To the court of the emperor of Persia, Shah Abbas (1557-1628), arrived three daring Discalced Carmelites in 1607 after six adventurous and danger-filled years of travelling through Europe and Asia: Frs Paul-Simon, John-Thaddeus and Vincent St Francis. One of Iran’s greatest rulers, the Shah was intelligent, determined and,to say the least, decisive: for instance, when judging criminal cases, he had the means of execution ready at his side – a tiger, powerful dogs and twelve executioners. The Shah favored the priests, gave them a residence  and in February 1608 the Sacrifice of the Mass was publicly offered in the capital of Iran. Converts included the beautiful niece of the Shah, Sampsonia and a 17th century Lawrence of Arabia, an Englishman named Shirley.

The Kingdom of Siam (modern day Thailand) was another sphere of action for the priests of the Church: in 1685 the King of Siam agreed to establish diplomatic relations with France in return for the favor that King Louis XIV  did him by sending to his country the “Royal Mathematicians”: priests of the Society of Jesus  who fulfilled the Siamese monarch’s ambition for an observatory like the one in Peking (Beijing) founded by their brother priests and religious.

India in 1605 saw the arrival of the great Father De Nobili, who, in order to penetrate the rigid caste system of Indian civilization introduced himself as a ‘rajah’ from Europe: as indeed he was, being a grand-nephew of Pope Julius III, nephew of Cardinal Bellarmine and Cardinal de Nobili and son of the lord of Montepulciano in Tuscany.  By wearing the yellow robe of the ‘ascetics’, living in a typical Indian hermit’s hut, eating no flesh-meat, drinking no wine and living only on vegetables he drew the favorable attention of the rulers of India. Furthermore, like Fr. Ricci in China, he studied the history, peoples and languages of the sub-continent; he could speak Tamil fluently, was a master of Sanskrit, amazed the Brahmins with his knowledge of the Hindu religion to the extent that they would ask him to help them understand their scriptures.  In 1609 seventy of the leading caste converted and so many others followed that by the great priest’s death in 1656 there were some 100,000 Catholics at Madura, Selam and Trichinopoly.

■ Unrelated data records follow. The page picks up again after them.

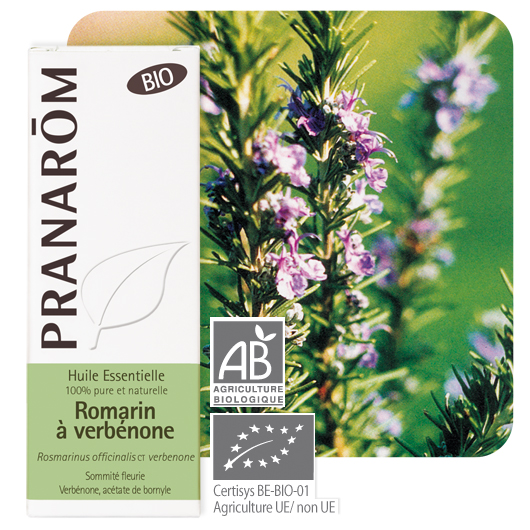 Romarin bio et Demeter – Rosmarinus officinalis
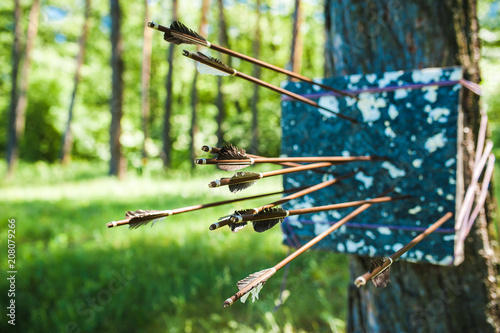 Archery target and arrows. photo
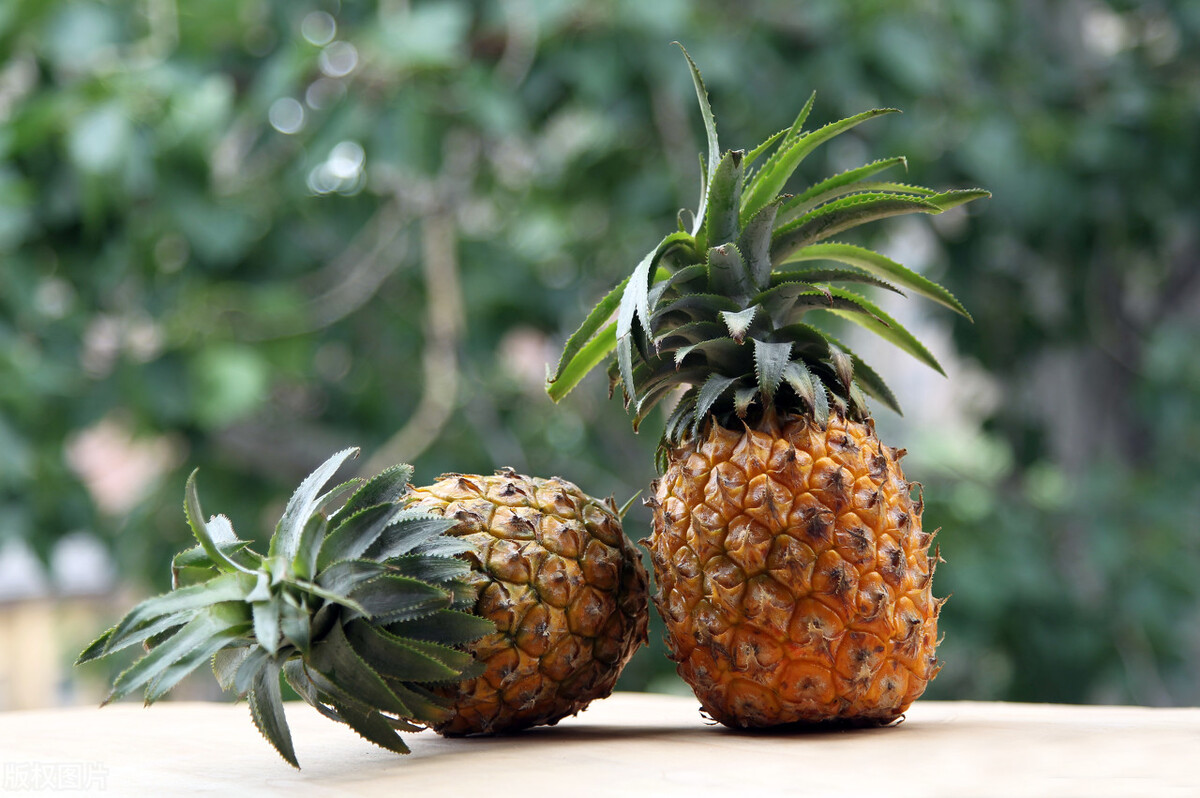 吃菠萝前要用盐水泡吗,吃菠萝之前要怎么用盐水泡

In the history of Vietnam Father  Alexandre de Rhodes (Vietnamese: A-Lịch-Sơn Đắc-Lộ) (1591-1660) has an important place for his role in creating the present Vietnamese writing system (now called Quốc Ngữ  or “national language”). The priest spent ten years in Vietnam from 1620-1630 where he published the first Portuguese-Latin-Vietnamese dictionary and wrote the first Vietnamese Catechism. His dictionary helped the Vietnamese scholars to create their new writing system largely using the Roman alphabet.

Thus the Church has continued through the ages even if there have been instances where some by “dialogue” have merely meant irenicism and relativism and others have erred  in opposing  genuine methods of inculturation.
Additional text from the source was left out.